The Pitts: Just a few weeks ago, Pittsburgh looked like they could make the playoffs, but things have gone south and they even committed seven errors in one game. Since they’re the Pirates, shouldn’t they call them arrrrr-ors?

Rumor has it: In response to rumors he was under suspicion for using steroids, A.J. Pierzynski got very angry. Smart move. That kind of rage will distract everyone from his bacne and shrunken testicles.

Off the mark: The Yankees’ Mark Teixeira could be out for the season with a calf injury and the team isn’t sure how they’re going to replace him. Don’t worry, New York fans, there are plenty of other douchebags down at the CVS.

Wild cards: The Dodgers are discussing a long-term deal with the team’s mostly inept general manager Ned Colletti. He is the Chris Brown to their Rihanna.

Simply the worst: The Houston Astros garnered less than 1,100 viewers for a televised game. I guess nobody really wants to watch a snuff film.

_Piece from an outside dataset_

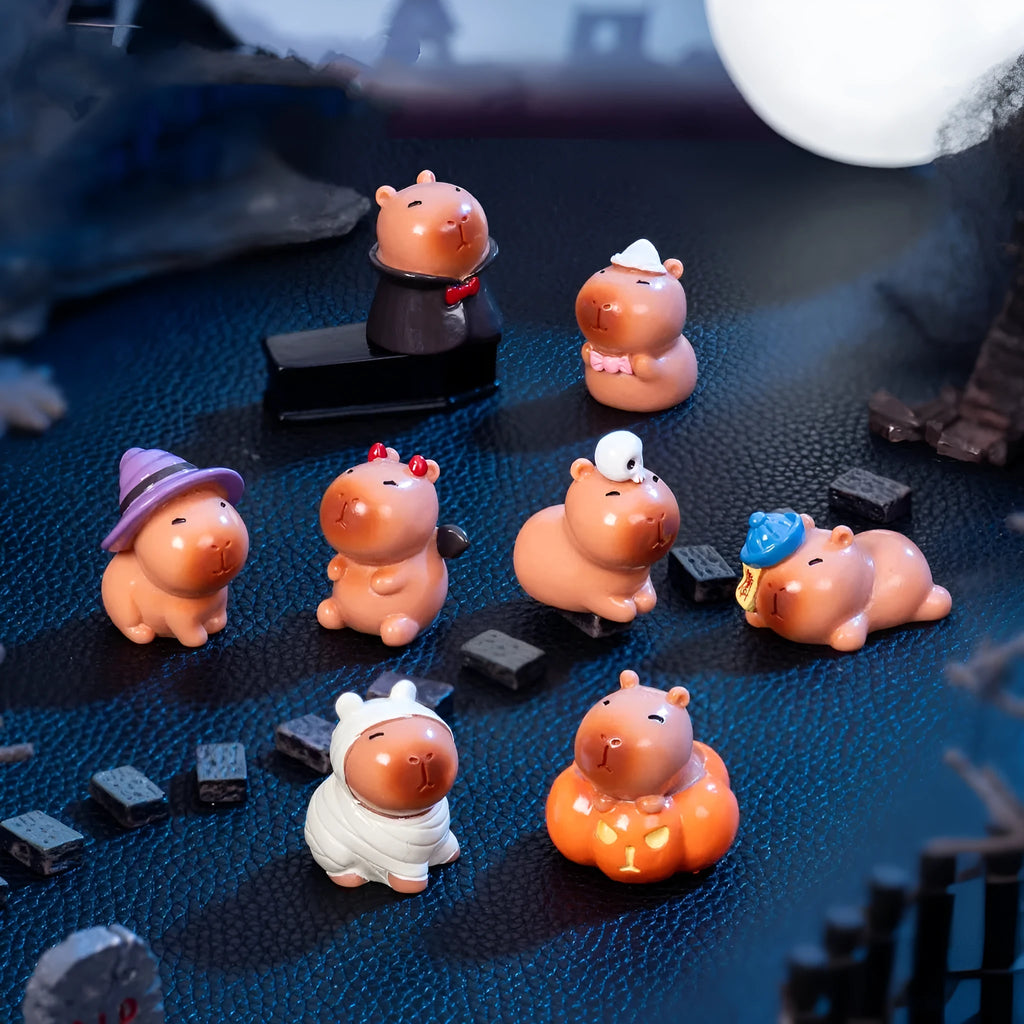 Halloween capybara resin decoration with hand-painted character design on shelf display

End game: The San Francisco Giants tied a record using 11 pitchers in a game – and they lost. Maybe next time the team will think twice about randomly bringing fans in to pitch. That’s a weird promotional tool. Ha ha! Just kidding! They didn’t use fans. That would be stupid – like using 11 pitchers in a single game.

Extra Innings

NFL kickoff: The National Football League season started. Cleveland Browns jerseys now available for half price.

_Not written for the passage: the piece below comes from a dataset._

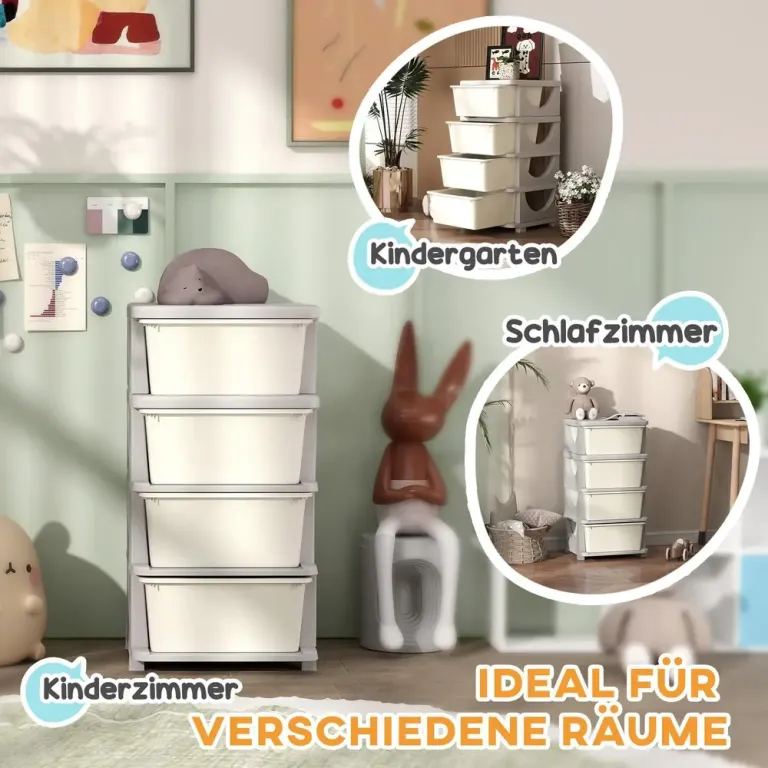 Leksaksförvaring med 4 Lådor 37 x 37 x 76 cm, Cremevit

More NFL: The Eagles barely squeaked out a win against the lowly Browns. Philly QB Michael Vick was clearly distracted by all the action in Cleveland’s “Dog Pound.”

More NFL: While beating the Titans, the Patriots’ Tom Brady hurt his nose when he was being sacked. “Dear God, not his beautiful face!” I cried.

More NFL: #1 draft pick Andrew Luck said he was offered all the same commercials as Robert Griffin III, but felt he should earn them first by his play. Week 1: 3 picks + 1 loss = 0 commercials earned.

Politically incorrect: Nicki Minaj announced her endorsement for Mitt Romney in the 2012 presidential election – the first allegiance of robots against human beings.

Third time’s a charm: Ryan Reynolds and Blake Lively are married. It’s Reynolds’ third marriage, so don’t worry, ladies, there’s always next year.

Hair club: An intruder was arrested at singer/actress Miley Cyrus’ home. Authorities say he was armed with a pair of scissors and a passionate distaste for her new hairstyle.

King’s ransom: Elvis Presley’s bible fetched $94,600 at a UK auction. This special bible features the 11th Commandment: Thou shalt not step on my blue suede shoes.